Say, for instance, that I want to understand the varying popularity of my personal favorite amusement park ride (the Ferris Wheel) in English literature over the years. For a point of comparison, I'll also plot my least favorite amusement park ride (the rollercoaster). Here is the visual:

Ferris Wheel vs. Rollercoaster popularity over time


We see both rides beginning to be captured with the written word in the 1930s. The Ferris Wheel has had several relative rises and falls in popularity since then, with (sadly) a continued decline since the mid-1990s. The popularity of rollercoasters, on the other hand, was initially slow to build, but then overtook the Ferris Wheel around 1985 and has skyrocketed in comparison since that time. Based on this visual, my affection for Ferris Wheels puts me in a dwindling minority, while rollercoasters are rapidly gaining in popularity.
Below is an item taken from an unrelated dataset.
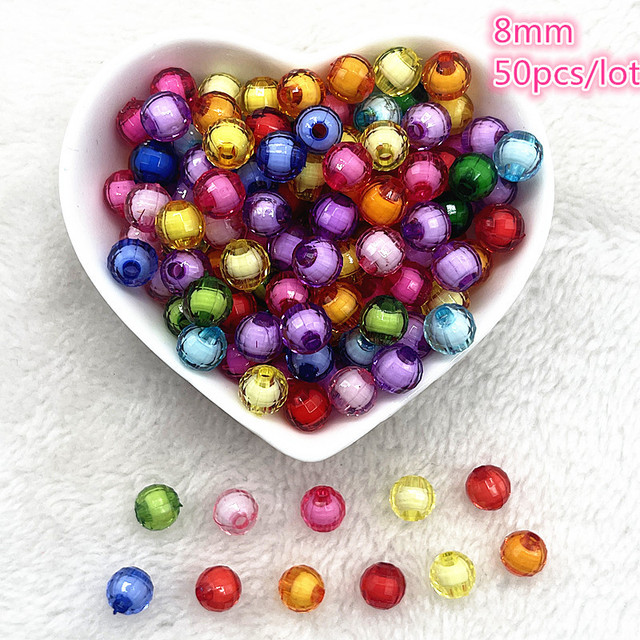 6mm--10mm Color Mixing Round Charms Acrylic Beads Loose Spacer Beads for Jewelry Makeing DIY Handmade Bracelet Accessories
As a reminder on the importance of context, let's add another series. If you enjoy Ferris Wheels like I do, you may know that the first one was built for the World's Columbian Exposition in Chicago in 1893 and that it was intended to rival the Eiffel Tower, that had been built for the Paris Exposition 4 years earlier. Let's check out what happens if we plot mentions of the Eiffel Tower in English literature on our chart:

Eiffel Tower mentions dwarf Ferris Wheel and Rollercoaster throughout history


As I called out in the chart title, mentions of the Eiffel Tower dwarf our initial two series. Also note that, whereas we see mentions of the Eiffel Tower pop up immediately following its unveiling, the Ferris Wheel took a little longer to make its way from the World Expo to the written word.

Just starting to play around with this sparks more interesting questions: what led to the bumps in the Ferris Wheel's popularity? What genre of novels most mention the Eiffel Tower - romance? history? Google gives us the ability to dig to our heart's content by making the full datasets freely downloadable as well.

What stories might you use nGram to tell?